The American bison and the European bison (wisent) are among the largest surviving terrestrial animals in North America and Europe. They are typical artiodactyl (cloven hooved) ungulates, and are similar in appearance to other bovines such as cattle and true buffalo. They are broad and muscular with shaggy coats of long hair. Adults grow up to 2 m in height and 3.5 m in length for American bison and up to 2.1 m in height and 2.9 m in length for European bison. American bison can weigh from around 400 to 1,270 kg and European bison can weigh from 800 to 1000 kg. European bison tend to be taller than American bison.

Bison are nomadic grazers and travel in herds. The bulls leave the herds of females at two or three years of age, and join a herd of males, which usually are smaller than female herds. Mature bulls rarely travel alone. Towards the end of the summer, for the reproductive season, the sexes necessarily commingle.
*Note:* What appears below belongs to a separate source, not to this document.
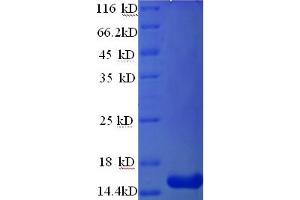 SDS-PAGE (SDS) image for Matrix Gla Protein (MGP) (AA 20-96) protein (His tag) (ABIN4974526) (MGP Protein (AA 20-96) (His tag))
American bison are known for living in the Great Plains, but formerly had a much larger range, including much of the eastern United States and parts of Mexico. Both species were hunted close to extinction during the 19th and 20th centuries, but have since rebounded. The wisent in part owes its survival to the Chernobyl disaster, as the Chernobyl Exclusion Zone has become a kind of wildlife preserve for wisent and other rare megafauna such as the Przewalski's horse, though poaching has become a threat in the 21st century. The American Plains bison is no longer listed as endangered, but this does not mean the species is secure. Genetically pure B. b. bison currently number only about 20,000, separated into fragmented herds—all of which require active conservation measures. The wood bison is on the endangered species list in Canada and is listed as threatened in the United States, though numerous attempts have been made by beefalo ranchers to have it entirely removed from the Endangered Species List.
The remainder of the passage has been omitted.